DATA SUPPLIED:
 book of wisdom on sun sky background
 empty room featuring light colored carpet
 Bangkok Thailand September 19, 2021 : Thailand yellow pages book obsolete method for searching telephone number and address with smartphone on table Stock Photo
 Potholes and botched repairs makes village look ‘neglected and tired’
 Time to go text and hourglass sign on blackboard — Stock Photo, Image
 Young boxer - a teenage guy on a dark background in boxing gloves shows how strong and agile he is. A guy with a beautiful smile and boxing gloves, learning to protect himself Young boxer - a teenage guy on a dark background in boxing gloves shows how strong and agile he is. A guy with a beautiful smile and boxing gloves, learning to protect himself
* * *
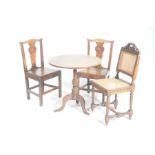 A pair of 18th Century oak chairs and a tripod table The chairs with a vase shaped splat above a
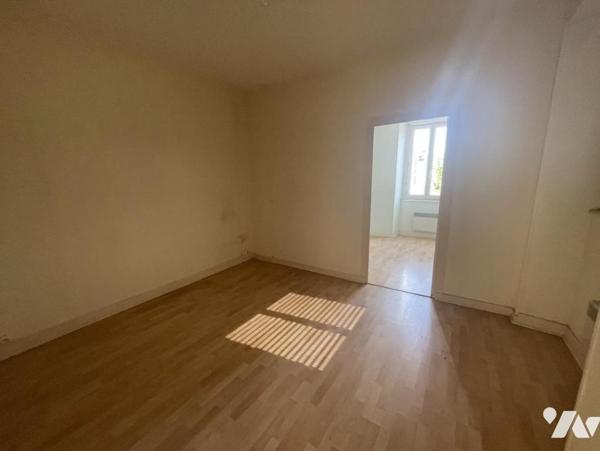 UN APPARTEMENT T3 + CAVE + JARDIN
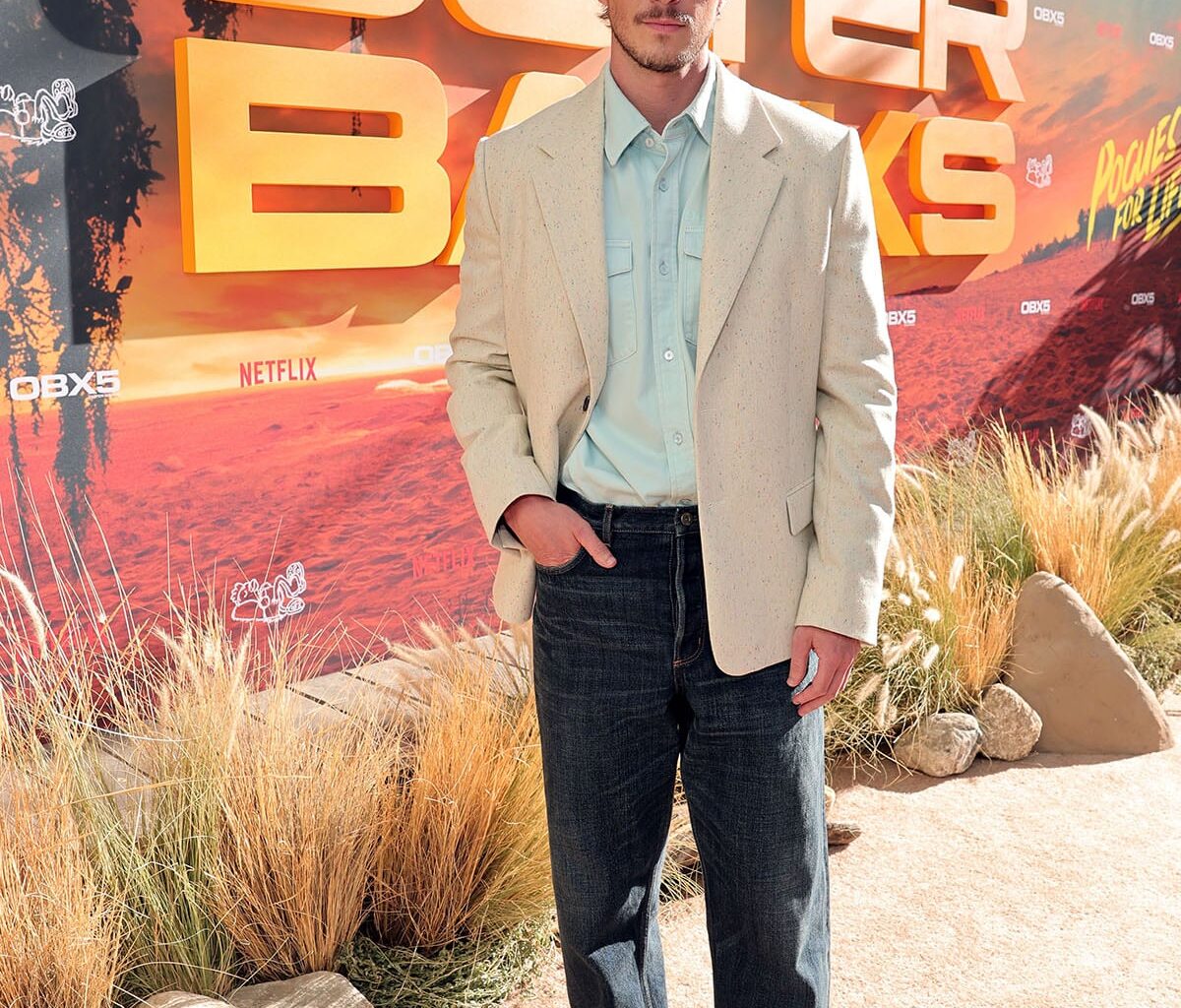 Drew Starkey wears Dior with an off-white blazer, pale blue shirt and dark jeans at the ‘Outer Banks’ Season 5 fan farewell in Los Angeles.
--
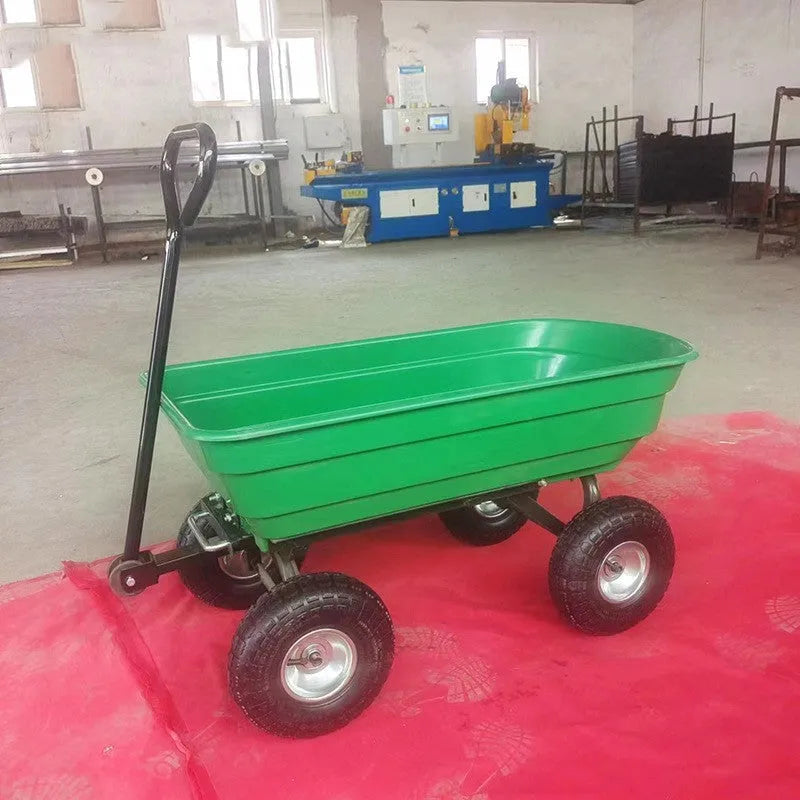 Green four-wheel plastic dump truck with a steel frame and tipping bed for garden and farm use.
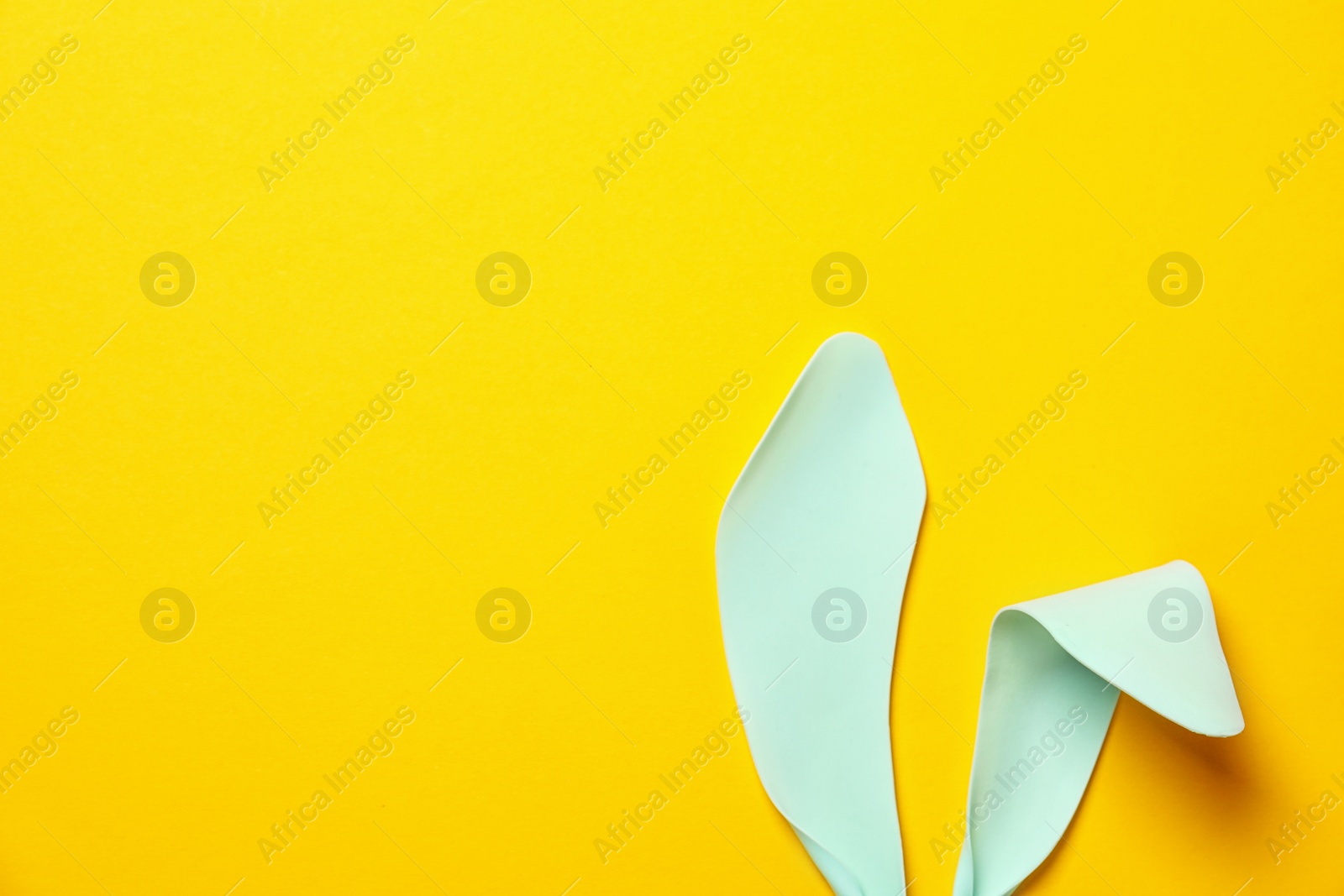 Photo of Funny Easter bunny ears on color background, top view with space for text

WORK INSTRUCTIONS:
Only the lines above starting with the one with "Potholes and botched" and going through the one with "protect himself Young" are to be copied, word for word and with both ends kept.

YOUR RESPONSE:
 Potholes and botched repairs makes village look ‘neglected and tired’
 Time to go text and hourglass sign on blackboard — Stock Photo, Image
 Young boxer - a teenage guy on a dark background in boxing gloves shows how strong and agile he is. A guy with a beautiful smile and boxing gloves, learning to protect himself Young boxer - a teenage guy on a dark background in boxing gloves shows how strong and agile he is. A guy with a beautiful smile and boxing gloves, learning to protect himself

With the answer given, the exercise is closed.